Data in this exercise:
━━━━━━
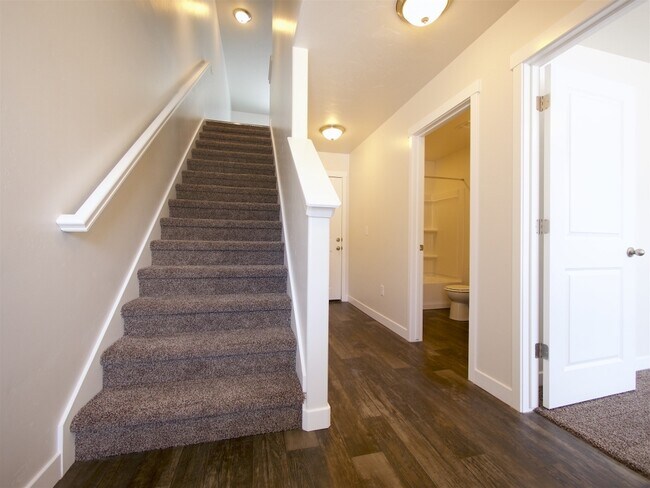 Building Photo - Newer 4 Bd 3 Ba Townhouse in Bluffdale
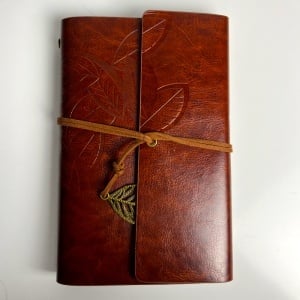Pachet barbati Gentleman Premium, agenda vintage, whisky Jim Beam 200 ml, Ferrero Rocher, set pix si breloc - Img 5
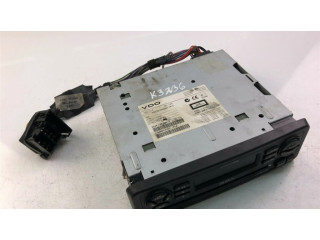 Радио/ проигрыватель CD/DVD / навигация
━━━━━━
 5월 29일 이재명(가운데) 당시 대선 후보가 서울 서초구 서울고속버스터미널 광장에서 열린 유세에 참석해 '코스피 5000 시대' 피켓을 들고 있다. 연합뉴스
━━━━━━
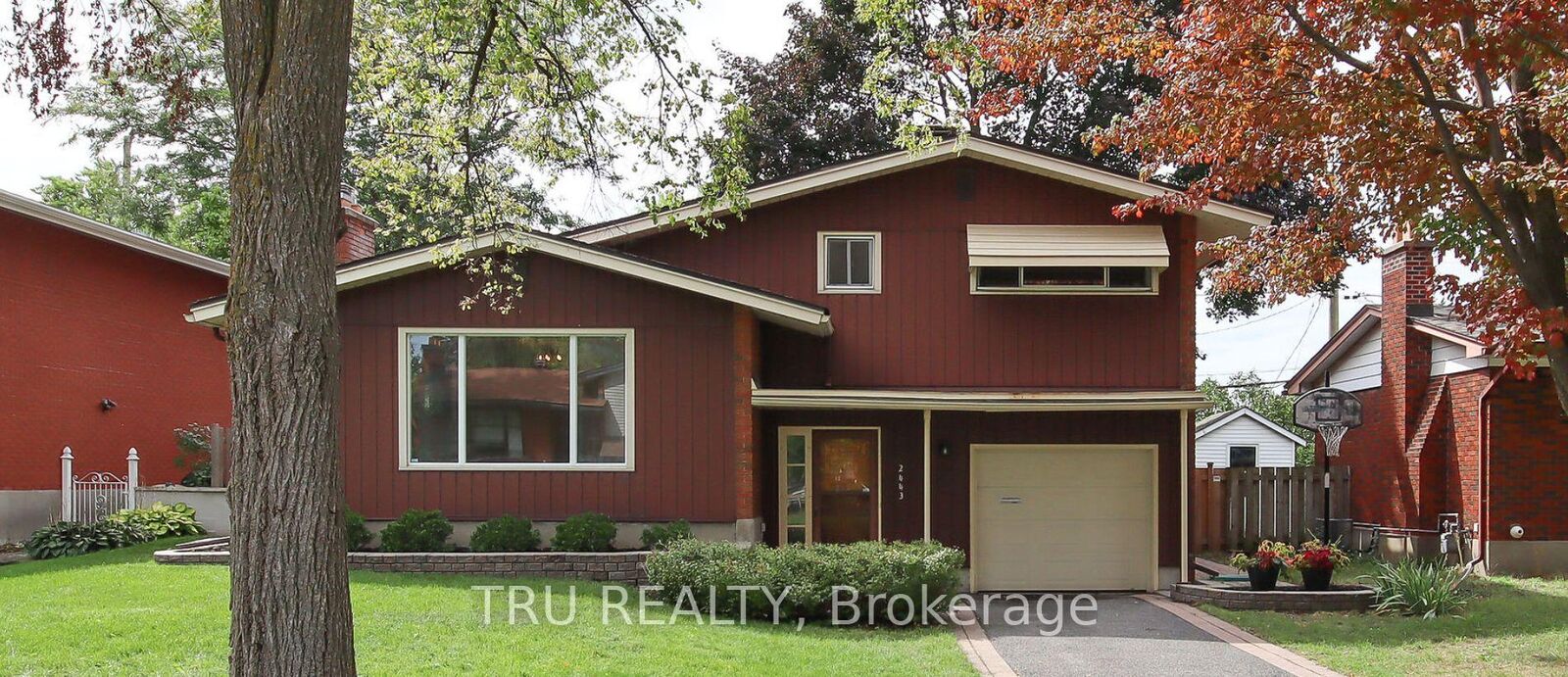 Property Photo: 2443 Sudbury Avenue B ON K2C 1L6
━━━━━━
Using the entries above, repeat exactly the lines from the one with "Building Photo - Newer" to the one with "Радио/ проигрыватель CD/DVD / навигация", both included, and leave the pictures behind.

 Building Photo - Newer 4 Bd 3 Ba Townhouse in Bluffdale
Pachet barbati Gentleman Premium, agenda vintage, whisky Jim Beam 200 ml, Ferrero Rocher, set pix si breloc - Img 5
 Радио/ проигрыватель CD/DVD / навигация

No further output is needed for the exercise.